Furthermore, as described above, the traction control device according to the second aspect of the present invention is configured such that the wheel speed is equal to or higher than a predetermined value with respect to the lower of the predicted pseudo vehicle speed during wheel spin created based on the minimum wheel speed value and the minimum wheel speed value. The driving wheels that have become . Even when there is no difference between wheel speeds, wheel spin can be detected using the above pseudo vehicle speed, and traction control can still be performed.

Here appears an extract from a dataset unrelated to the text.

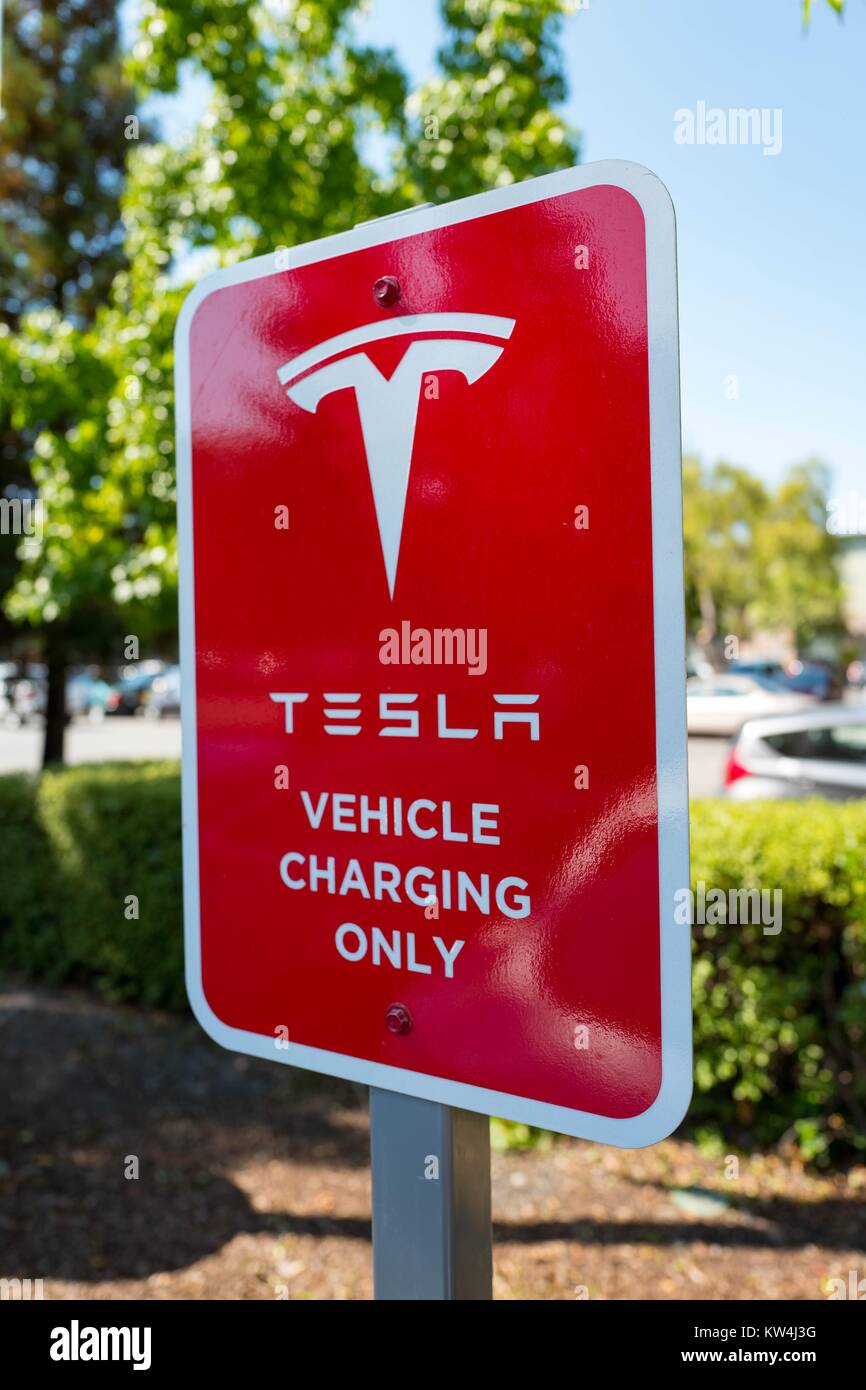 Schild "Tesla Fahrzeug nur Laden" ein Kompressor schnelle Batterie Ladestation für Elektrofahrzeuge Firma Tesla Motors, im Silicon Valley Stadt Mountain View, Kalifornien, 24. August 2016. Stockfoto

[Brief explanation of drawings]

Fig. 1 is a system diagram showing an embodiment of the traction control system according to the present invention; Fig. 2 is an electronic circuit diagram of a pseudo vehicle speed generation circuit on the same side; Fig. 8 is an explanatory diagram of operating waveforms of the same circuit; The figure is a diagram illustrating the vehicle speed equivalent value selected by the select low switch in the example shown in FIG. 1, and the second figure is an explanatory diagram of operation waveforms of the traction control device in FIG. 1. ...Wheels 1...Engine 5...Transmission 6a-6d...Hydraulic multi-disc clutches 7-9...D 7 Allencial gear 1oa-1Od...Spring center 2 8-position electromagnetic switching valve 11 . . . Constant pressure valve 12 . a -17d ・A N
D gates 18a to 18d, 19a to ioa,
S! Oa ~ 20d, - Comparator 21a ~ gxd
... Rotation sensors 22a to 22 (1... Wheel speed calculation circuits 28a to 28d
... Wheel acceleration calculation circuit la -24d - ... Subtractor 26 ... Sample hold circuit 27 ... Wheel acceleration calculation circuit 28 ... Comparator 29 ... Differentiation circuit 80 ... Monostable multivibrator 81 ...Constant setter 82...Integrator circuit 88...Addition circuit 84, 85...OR gate 86, 8? ...Reverser δ889...Select low switch 40...Pseudo vehicle speed generation circuit

Claims (1)

[Claims] 1. In a vehicle having a plurality of drive wheels, wheel speed detection means for detecting the wheel speed of each drive wheel, select low means for selecting the lowest value among these wheel speeds, and the lowest value. 1. A traction control device for a vehicle, comprising: torque reduction means for reducing torque transmitted to a drive wheel whose wheel speed exceeds a predetermined value in comparison with the above. 2. In a vehicle having a plurality of drive wheels, a wheel speed detection means for detecting the wheel speed of each drive wheel, a first select low means for selecting the lowest value among these wheel speeds, and based on the lowest value. a pseudo vehicle speed generating means for generating a pseudo vehicle speed expected during wheelspin; a second select low means for selecting the lower of the minimum value and the pseudo vehicle speed; and a value selected by the second select low means. A traction control device for a vehicle, characterized in that it is provided with a torque reduction means for reducing the torque transmitted to the driving wheels whose wheel speed exceeds a predetermined value in comparison.